"Anti-Sentient" or: "Characterization in Times of Trouble".
Essentially a short story about 1000 zombies somehow throwing an entire urban center into chaos, Ms. Butler jars the reader into and out of Family-Guy-esque, non-sequitur character-defining segues, with little heed for pacing. While I appreciate getting to know my protagonists, these segments come at the expense of the story. I am most of the way through the book, and know everything about the characters, except why I should care about them. Oftentimes, whole pages are devoted to events with, at best, tangential relation to the plot.

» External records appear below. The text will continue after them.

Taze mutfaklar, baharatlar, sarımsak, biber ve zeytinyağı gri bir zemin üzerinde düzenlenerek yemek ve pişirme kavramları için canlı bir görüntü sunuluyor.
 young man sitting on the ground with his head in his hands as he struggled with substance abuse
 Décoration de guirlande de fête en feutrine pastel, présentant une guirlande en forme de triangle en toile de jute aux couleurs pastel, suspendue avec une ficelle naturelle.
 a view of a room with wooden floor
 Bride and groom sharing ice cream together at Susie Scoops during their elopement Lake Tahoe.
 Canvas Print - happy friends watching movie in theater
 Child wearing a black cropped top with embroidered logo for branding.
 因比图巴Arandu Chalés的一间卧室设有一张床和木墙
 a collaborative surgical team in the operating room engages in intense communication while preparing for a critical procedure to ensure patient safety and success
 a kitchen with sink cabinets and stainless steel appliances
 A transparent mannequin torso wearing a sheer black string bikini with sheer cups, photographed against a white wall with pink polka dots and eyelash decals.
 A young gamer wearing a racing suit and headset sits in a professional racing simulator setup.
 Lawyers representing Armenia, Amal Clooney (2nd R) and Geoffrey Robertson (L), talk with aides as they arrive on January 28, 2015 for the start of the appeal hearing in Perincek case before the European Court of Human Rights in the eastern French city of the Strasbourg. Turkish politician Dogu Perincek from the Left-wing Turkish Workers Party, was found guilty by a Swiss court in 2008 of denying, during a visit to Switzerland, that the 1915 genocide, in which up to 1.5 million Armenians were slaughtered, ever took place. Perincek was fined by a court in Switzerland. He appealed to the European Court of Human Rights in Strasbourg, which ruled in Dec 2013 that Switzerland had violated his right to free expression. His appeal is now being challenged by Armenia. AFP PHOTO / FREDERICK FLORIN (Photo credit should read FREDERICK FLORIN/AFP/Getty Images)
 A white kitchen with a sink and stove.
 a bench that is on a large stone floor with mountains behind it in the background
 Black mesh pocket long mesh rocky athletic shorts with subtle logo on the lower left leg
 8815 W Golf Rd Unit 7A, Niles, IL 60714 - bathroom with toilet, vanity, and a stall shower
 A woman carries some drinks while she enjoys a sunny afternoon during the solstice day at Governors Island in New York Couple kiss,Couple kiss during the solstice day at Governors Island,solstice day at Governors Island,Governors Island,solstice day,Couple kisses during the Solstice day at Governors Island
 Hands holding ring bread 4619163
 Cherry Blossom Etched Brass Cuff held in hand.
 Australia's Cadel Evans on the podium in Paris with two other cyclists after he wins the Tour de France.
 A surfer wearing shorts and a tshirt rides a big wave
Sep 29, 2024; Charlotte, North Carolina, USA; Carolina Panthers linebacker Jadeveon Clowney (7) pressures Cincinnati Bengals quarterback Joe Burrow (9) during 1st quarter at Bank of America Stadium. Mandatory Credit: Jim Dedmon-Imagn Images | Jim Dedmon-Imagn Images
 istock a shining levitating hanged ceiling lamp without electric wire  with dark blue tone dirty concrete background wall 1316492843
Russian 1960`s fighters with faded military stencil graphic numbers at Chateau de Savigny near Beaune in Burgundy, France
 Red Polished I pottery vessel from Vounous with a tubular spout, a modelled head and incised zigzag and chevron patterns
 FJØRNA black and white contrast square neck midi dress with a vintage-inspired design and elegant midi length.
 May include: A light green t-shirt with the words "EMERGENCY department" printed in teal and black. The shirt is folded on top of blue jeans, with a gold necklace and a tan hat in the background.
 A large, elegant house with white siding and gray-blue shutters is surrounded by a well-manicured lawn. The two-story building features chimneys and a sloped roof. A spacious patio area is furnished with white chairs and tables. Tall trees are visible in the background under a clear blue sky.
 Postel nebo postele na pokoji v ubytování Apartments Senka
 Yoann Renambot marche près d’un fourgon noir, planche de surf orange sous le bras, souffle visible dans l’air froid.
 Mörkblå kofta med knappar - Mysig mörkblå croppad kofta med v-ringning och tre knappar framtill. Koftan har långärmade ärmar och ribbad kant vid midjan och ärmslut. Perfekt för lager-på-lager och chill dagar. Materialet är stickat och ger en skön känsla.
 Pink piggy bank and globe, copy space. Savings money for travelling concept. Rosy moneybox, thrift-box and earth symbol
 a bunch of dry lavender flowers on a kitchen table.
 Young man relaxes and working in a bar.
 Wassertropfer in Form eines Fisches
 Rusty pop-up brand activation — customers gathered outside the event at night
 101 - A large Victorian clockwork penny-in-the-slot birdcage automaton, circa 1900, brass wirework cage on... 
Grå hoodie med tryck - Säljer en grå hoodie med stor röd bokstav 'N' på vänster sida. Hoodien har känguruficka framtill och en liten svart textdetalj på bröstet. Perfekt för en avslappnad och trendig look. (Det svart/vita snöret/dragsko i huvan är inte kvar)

The affliction itself is interesting in origin, but the overarching message of the story frequently eclipses itself with needless perspectives of disposable characters and ham-handedness. Where Romero's messages were pokes, Anti-Sentient is a clumsy punch. Ultimately, in a book this surprisingly short for its price, there are simply too many pages wasted to justify any higher praise, or even a recommendation. I do intend to finish the book, in hopes that, high off of some surprise ending, I can change this review... but I'm not holding my breath.
EDIT: Good thing I did not hold my breath. The book takes a bizarre, clichéd, turn for the worse in its last few pages, and then tries to throw a haymaker in the last 10 words, revealing a gaping plot hole in the closing sentence. There was no climax, no resolution, no development. No one changes, nothing is improved, nothing is learned, nothing of value is lost. Yikes.